Id. § 72-5-103 (emphasis added). In asserting that this language permits municipalities to exercise extraterritorial condemnation, Provo City points to subsection (2)(a), which allows municipalities to limit development for a transportation corridor by use of “official maps.” The Act provides that municipalities may adopt such maps “as an element of the general plan, pursuant to ... Title 10, Chapter 9, Part 3, General Plan.” Id. § 72-5-401(4)(e). Consequently, because Utah Code section 10-9-302 provides that municipal planning commissions must make and recommend proposed general plans for areas within the municipality, which may also include “areas outside the boundaries of the municipality if, in the commission’s judgment, they are related to the planning of the municipality’s territory,” id. § 10-9-302(1)(b), Provo City argues that the TCPA authorizes it to condemn property outside its own municipal boundaries when needed to establish a public transportation facility.

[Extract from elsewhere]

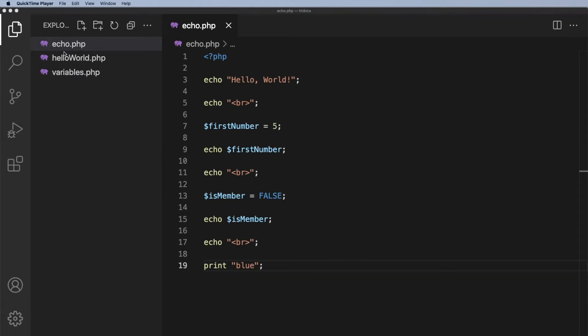We have three files here: echo, hello world, and variables, and they're all to do with that first section. So I could have a folder called chapter one or section one. I could call it PHP basics. It is totally up to you.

¶ 17 Even if we were to agree that the Act clearly contemplates municipalities exercising *211 eminent domain power when establishing alternate transportation corridors, 3 Provo City’s argument regarding extraterritorial condemnation is flawed in one fundamental respect: While a municipal planning commission may propose a general plan under Utah Code section 10 — 9—302(l)(b) that includes areas outside its municipal boundaries, subsection (c) expressly limits such power by providing that “[ejxcept as otherwise provided by law, when the plan of a municipality involves territory outside the boundaries of the municipality, the municipality may not take action affecting that territory without the concurrence of the county or other municipalities affected.” Id. § 10-9-302(l)(c). Here, neither Provo City nor the record indicates that Utah County consented to the condemnation of Spring Canyon’s property. Moreover, Provo City has failed to cite any other legal exception that would authorize such action. Accordingly, we decline to hold that Provo City is empowered to condemn Spring Canyon’s property pursuant to the TCP A.
CONCLUSION
¶ 18 Because Provo City has not established that it has adopted a charter pursuant to the procedures set forth in article XI, section 5 of the Utah Constitution, the district court erred in ruling that Provo City may exercise the powers granted to chartered municipalities under that section. Moreover, Provo City has failed to demonstrate that, in this case, it is entitled to exercise extraterritorial condemnation powers under the Transportation Corridor Preservation Act. Therefore, since Provo City has not presented any other statutory basis upon which it is empowered to condemn property outside its incorporated municipal boundaries, we reverse.
Notes
. In
City of Logan v. Utah Power & Light Co.,
. Provo City also argues that even if section 5(b) does not grant to it the express power to condemn property outside its municipal boundaries for purposes of constructing the proposed public road, because Provo City "has indisputable power to condemn extraterritorially for public utilities," it must, by necessary implication, "possess the power to condemn for the road in which to locate, access and maintain those public utilities (water and sewer lines).” We disagree.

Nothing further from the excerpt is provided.